A lawyer for Long, who writes books on heterosexual relationships and has strong ties to the Rev. Martin Luther King Jr.'s family, adamantly denied the allegations.
B.J. Bernstein, an attorney representing the plaintiffs, said she opened her investigation after getting a call from one of the men. The Associated Press normally does not name people who claim they are victims of sexual impropriety, but Bernstein said all three -- Maurice Robinson, 20, and Anthony Flagg, 21, and Jamal Parris, 23 -- have consented to making their identities public.
Bernstein said she didn't trust local authorities to investigate the claims.
"This is a really large church that's incredibly politically powerful," Bernstein said. "There are pictures of this guy with every politician around. With something this important, how can I trust that word didn't get back to the bishop?"
DeKalb County Sheriff Thomas Brown has been a member of New Birth for more than 15 years and sits on the advisory board for Long's Longfellows Youth Academy. He said he would stand by the bishop and bristled at Bernstein's suggestion that local authorities couldn't be trusted.
"I take offense to that," he said. "It does not merit a dignified response."
Their pastor has been silent and so are most at Long's 25,000-strong church. But those who will speak say they are supporting him.
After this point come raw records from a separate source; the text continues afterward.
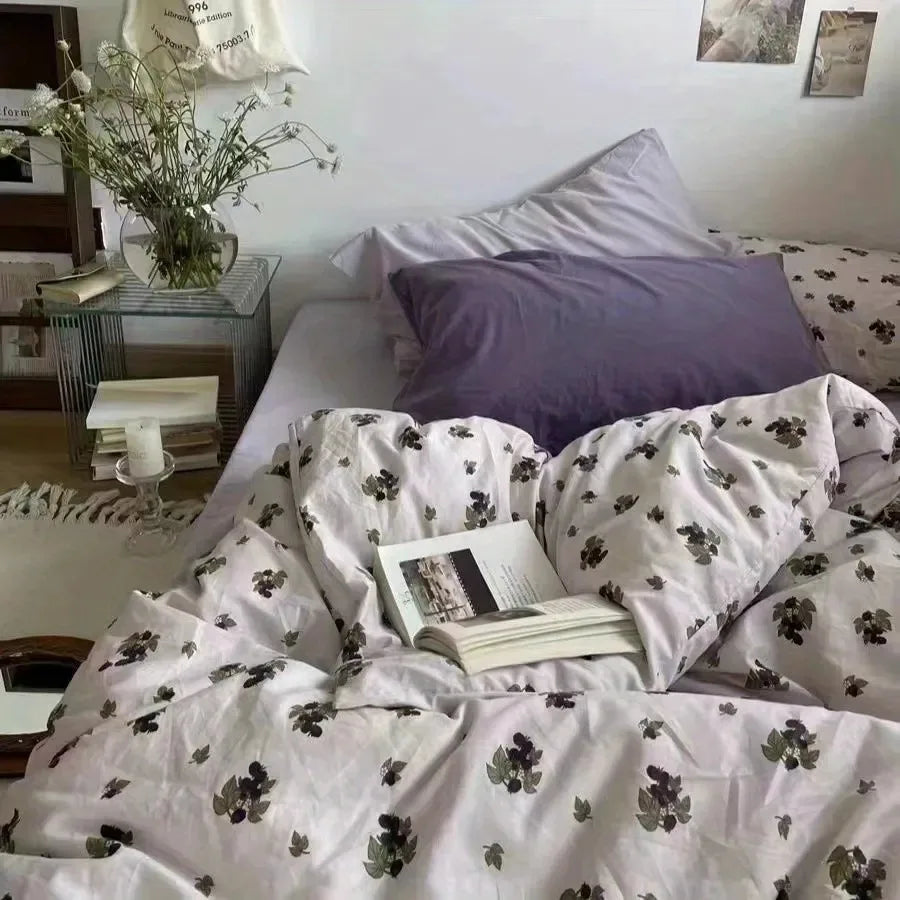 Bedding Set with Duvet Cover Flat Sheet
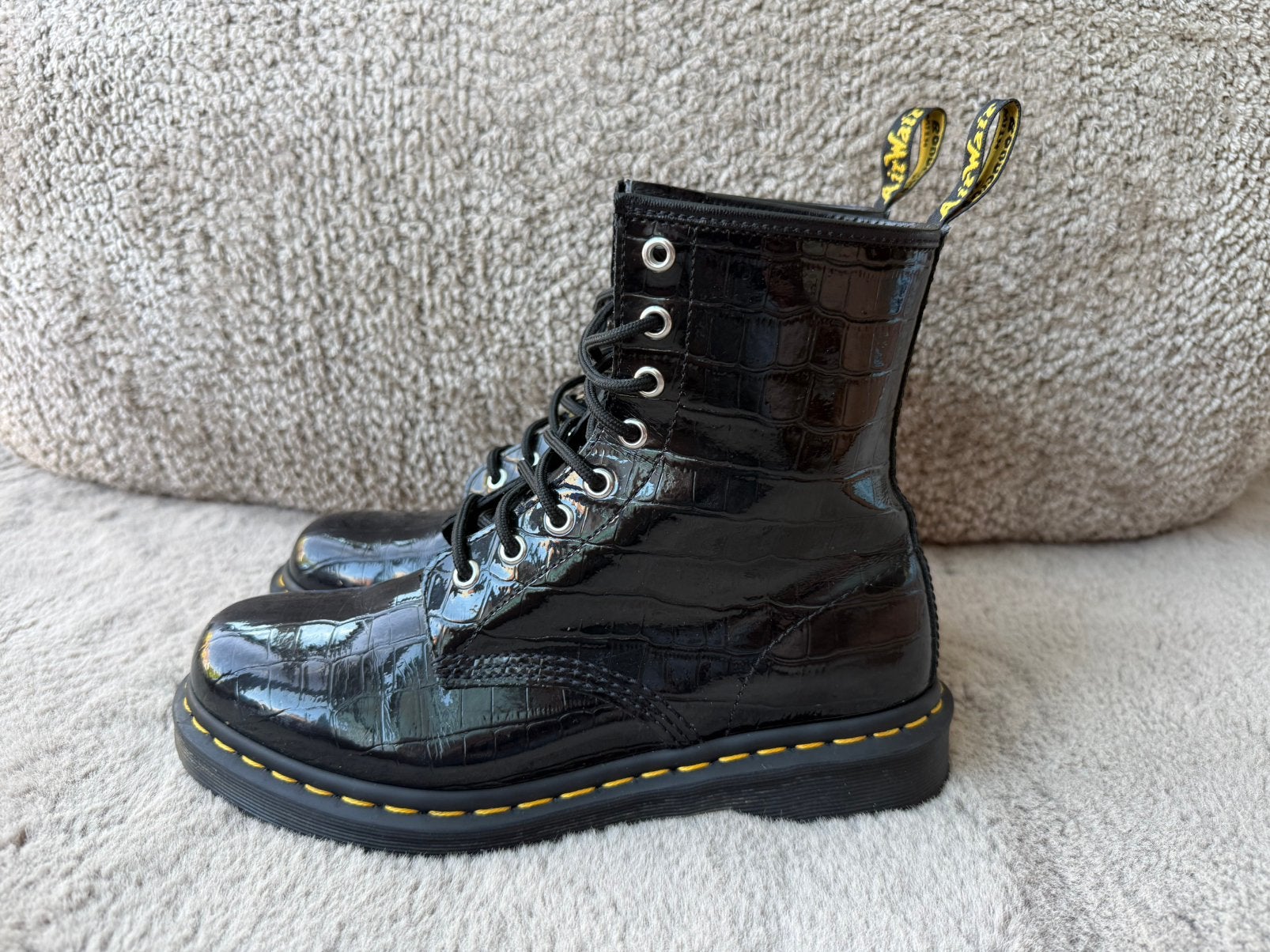 Dr. Martens 1460 Patent Lamper Croc Emboss, mt 41, Kleding | Dames, Schoenen, Ophalen of Verzenden, Zo goed als nieuw, Zwart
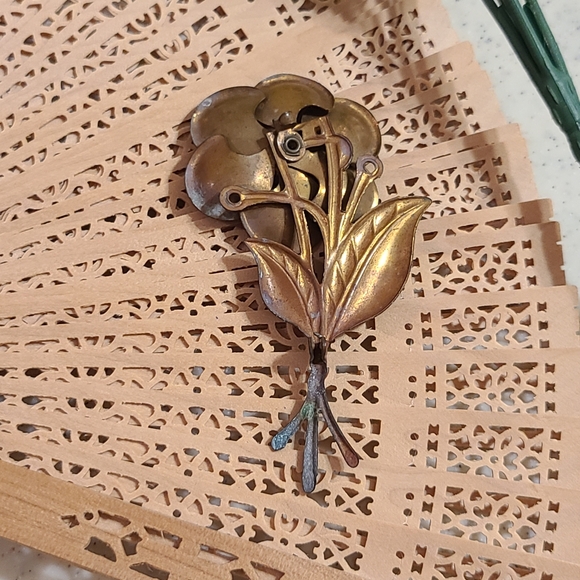 Vintage Brooch Purple - Picture 7 of 10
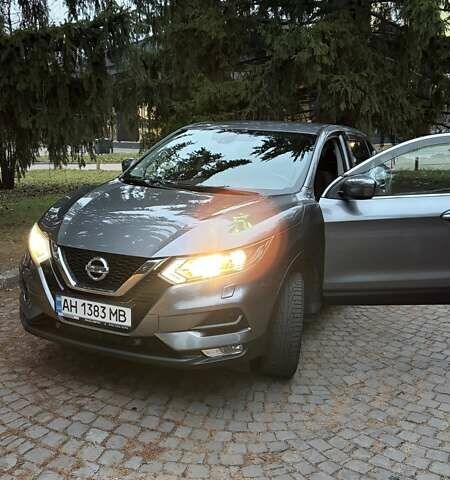 Серый Ниссан Кашкай, объемом двигателя 2 л и пробегом 120 тыс. км за 19000 $, фото 15 на Automoto.ua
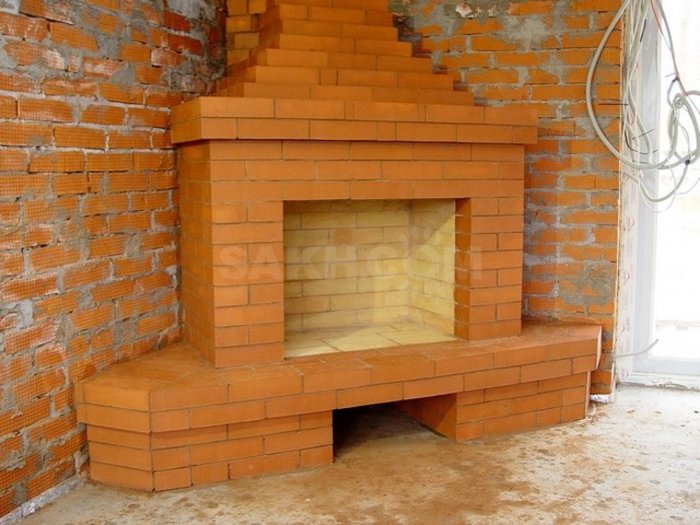 Угловой кирпичный камин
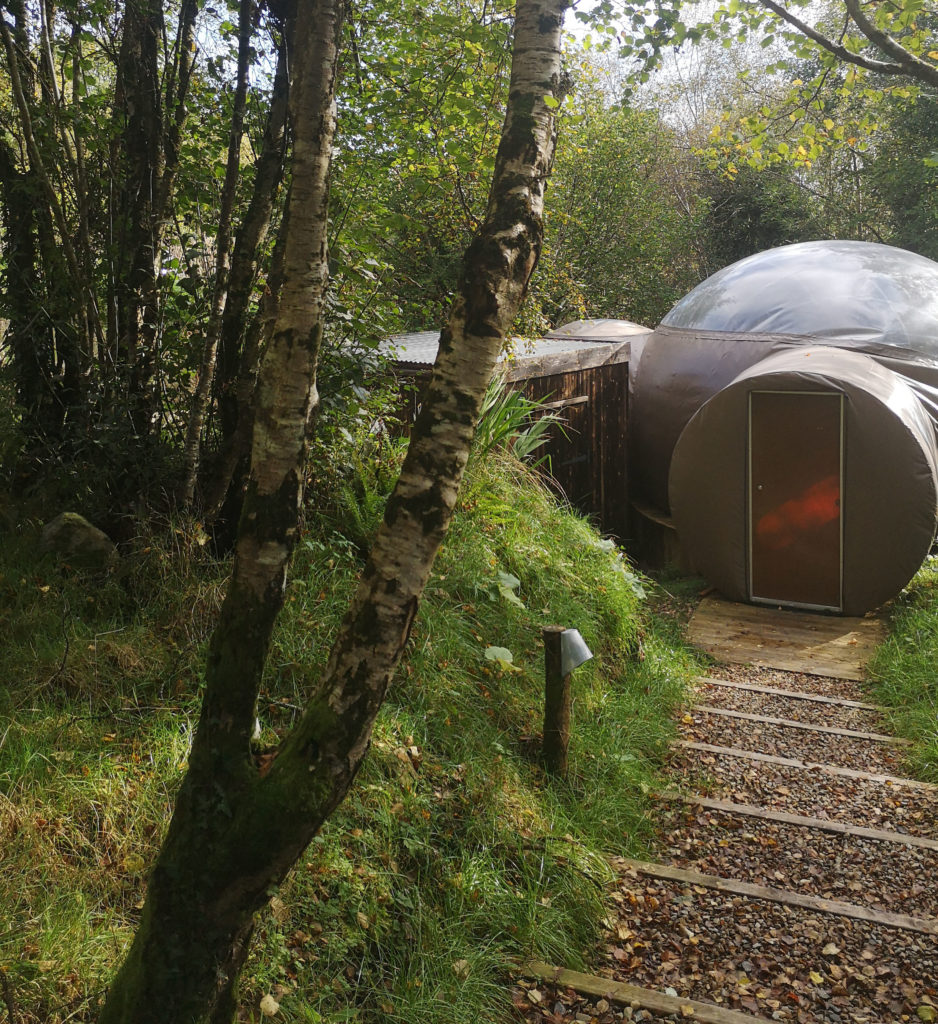 Unusual Accommodation In Ireland: Exterior of the bubble dome in Finn Lough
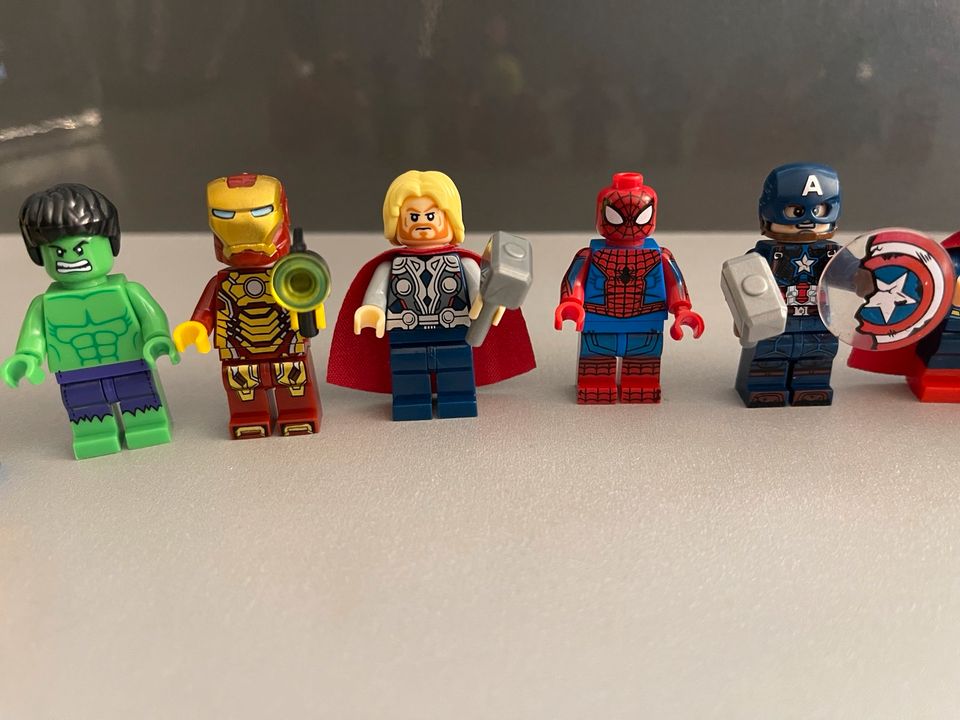 Hulk Superman Flash Spider-Man Batman Wolverine Ironman m Lego pl in Essen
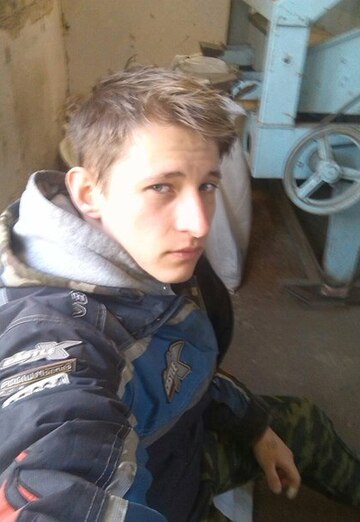 Моя фотография - Дмитрий, 25 из Урюпинск (@dmitriy394292)
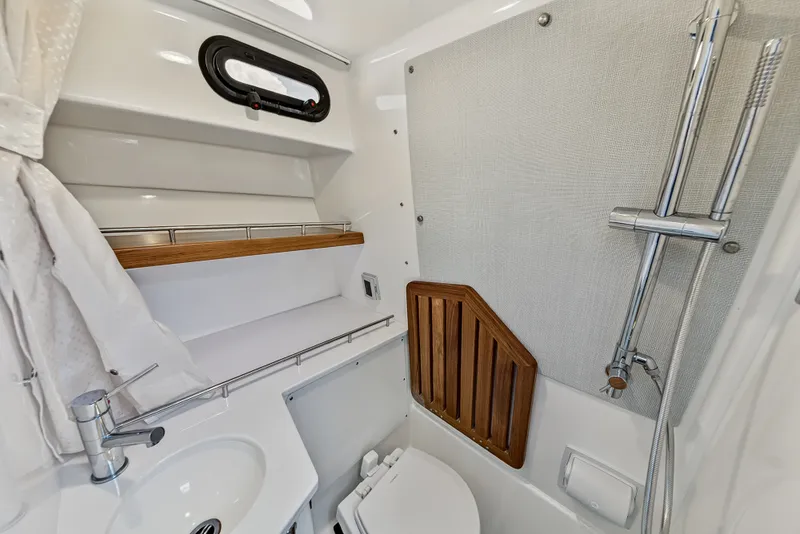 Slide: The Image of Boston Whaler 350 REALM 2025 - 32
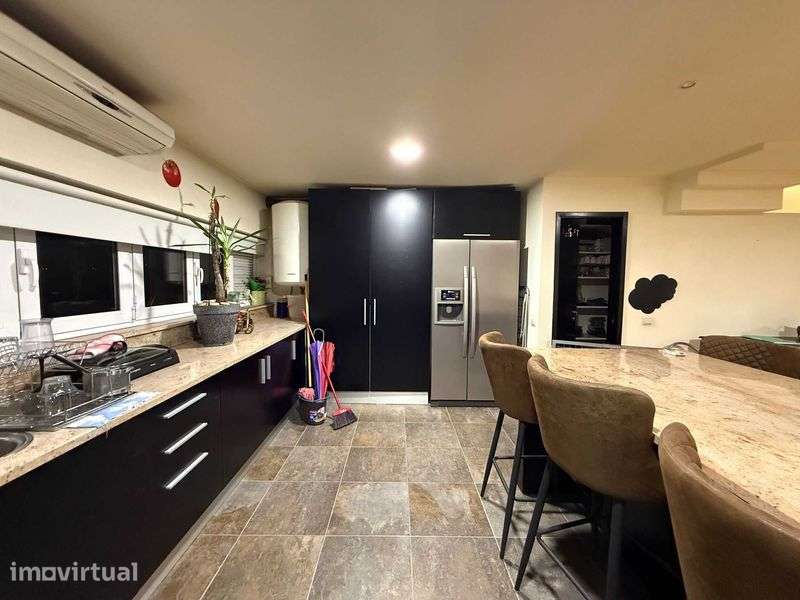 Apartamento T2 Remodelado em Creixomil-Guimarães - Grande imagem: 2/12
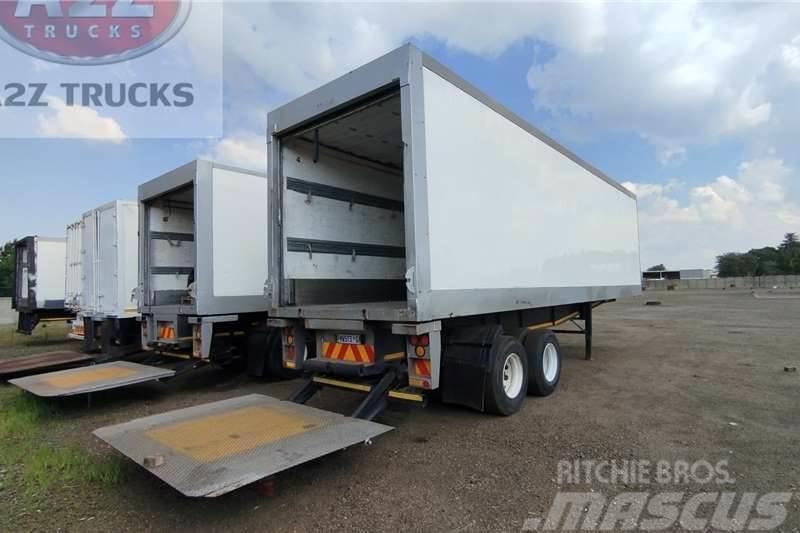  Serco 2003 Insulated Box Body Volume Van Double ax Andere Anhänger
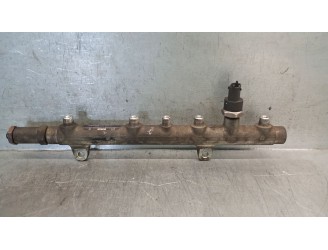 Recambio de rampa inyectora para volvo v40 station wagon (645) 1.9 di referencia OEM IAM 7700114017 30652244 0445214024 BOSCH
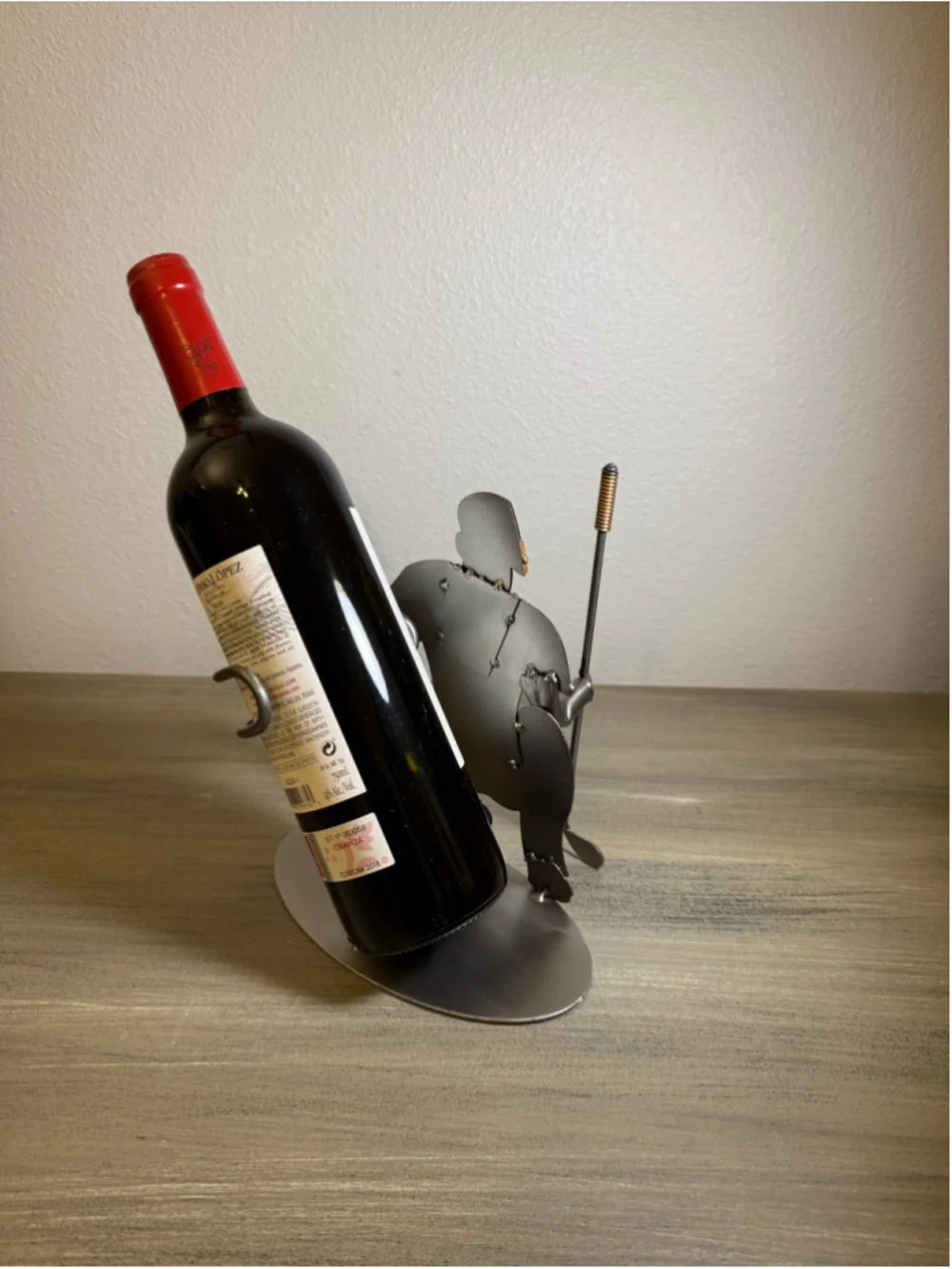 Handcrafted Metal Golfer Wine Bottle Holder Sculpture – Sports Bar Decor Caddy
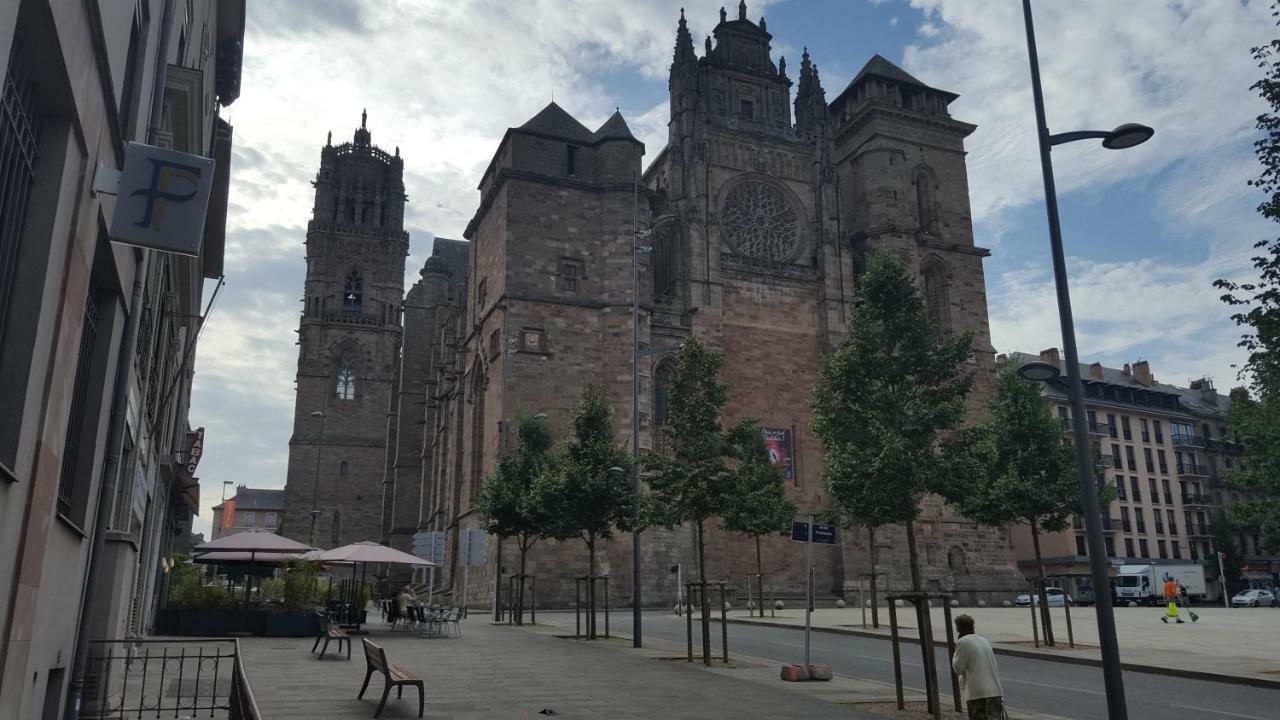 Paraire Rodez Esterno foto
Lance Robertson, who joined New Birth nearly two decades ago and has coached youth basketball there, said Wednesday that members were hurting.
"I support and will stand with my bishop, but right now in the court of public opinion, it does not look good," Robertson said. "This affects too many people. As the bishop goes, New Birth goes. He built New Birth."
Bernstein said that her case hinges on her three clients' testimony and that she doesn't have much physical evidence backing up her complaint. Long sent dozens of e-mails and phone calls to her clients, though they weren't "overly sexual," she said. Bernstein said she plans to subpoena records from Long that will show he traveled with the young men to New York, Las Vegas, New Zealand and elsewhere.
Robertson, the church's youth basketball coach, said he wants to hear Long respond to the accusations.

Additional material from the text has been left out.